• About this task: Search the listing below for the line containing "Good Peoples entry by Real". From there through the line containing "THE ROGER Pro 2 - White | Lime", transcribe every line exactly, both ends included.

##### Material supplied #####

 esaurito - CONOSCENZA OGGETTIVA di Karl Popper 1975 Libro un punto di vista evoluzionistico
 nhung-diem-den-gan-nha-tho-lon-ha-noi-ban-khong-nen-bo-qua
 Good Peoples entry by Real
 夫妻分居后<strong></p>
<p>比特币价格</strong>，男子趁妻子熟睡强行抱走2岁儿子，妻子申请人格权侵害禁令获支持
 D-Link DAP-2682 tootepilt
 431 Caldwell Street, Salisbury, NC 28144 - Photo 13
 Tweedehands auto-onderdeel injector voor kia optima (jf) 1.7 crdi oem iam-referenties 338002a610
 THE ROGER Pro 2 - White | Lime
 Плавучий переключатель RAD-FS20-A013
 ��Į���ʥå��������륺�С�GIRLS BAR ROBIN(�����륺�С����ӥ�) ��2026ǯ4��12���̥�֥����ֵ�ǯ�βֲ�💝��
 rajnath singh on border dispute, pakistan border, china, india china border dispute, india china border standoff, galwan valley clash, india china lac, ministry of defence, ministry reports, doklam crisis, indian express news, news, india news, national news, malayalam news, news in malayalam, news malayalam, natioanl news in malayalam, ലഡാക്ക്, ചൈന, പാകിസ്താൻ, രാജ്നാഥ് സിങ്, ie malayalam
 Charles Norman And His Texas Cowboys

#####
##### Material supplied #####

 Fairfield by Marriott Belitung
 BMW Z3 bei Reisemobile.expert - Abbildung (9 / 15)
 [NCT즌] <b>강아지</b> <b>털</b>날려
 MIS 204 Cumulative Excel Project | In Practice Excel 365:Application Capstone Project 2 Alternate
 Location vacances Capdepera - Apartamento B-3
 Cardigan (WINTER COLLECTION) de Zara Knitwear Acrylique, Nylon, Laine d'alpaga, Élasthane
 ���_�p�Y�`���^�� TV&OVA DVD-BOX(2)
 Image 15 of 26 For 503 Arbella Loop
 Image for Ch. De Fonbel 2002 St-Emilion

#####
##### Material supplied #####

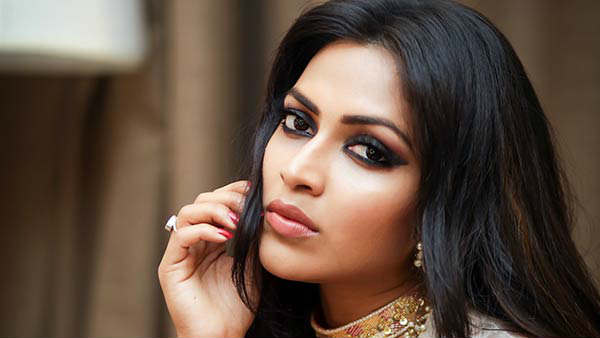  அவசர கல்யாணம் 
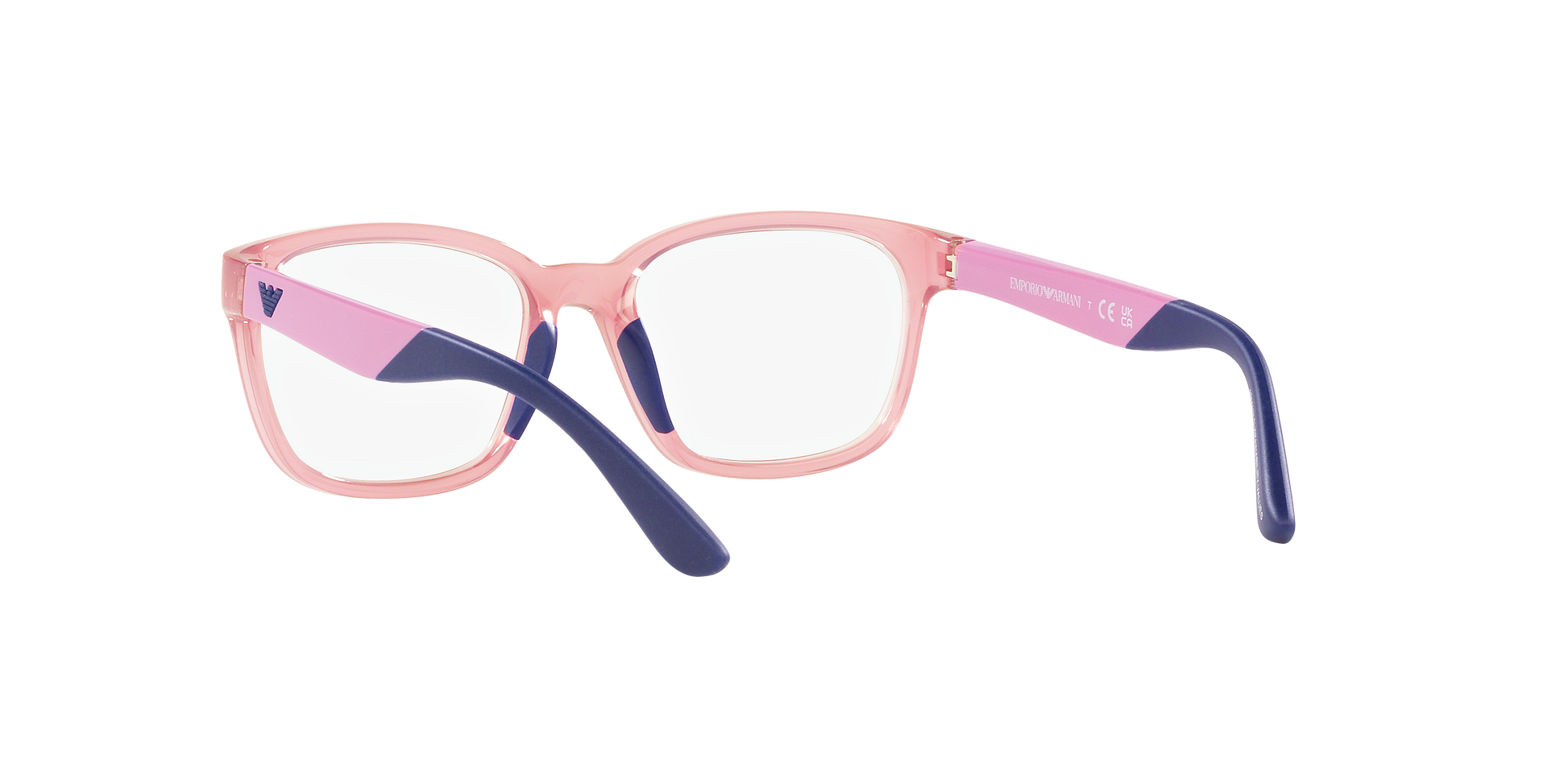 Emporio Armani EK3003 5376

#####

• Written reply:
 Good Peoples entry by Real
 夫妻分居后<strong></p>
<p>比特币价格</strong>，男子趁妻子熟睡强行抱走2岁儿子，妻子申请人格权侵害禁令获支持
 D-Link DAP-2682 tootepilt
 431 Caldwell Street, Salisbury, NC 28144 - Photo 13
 Tweedehands auto-onderdeel injector voor kia optima (jf) 1.7 crdi oem iam-referenties 338002a610
 THE ROGER Pro 2 - White | Lime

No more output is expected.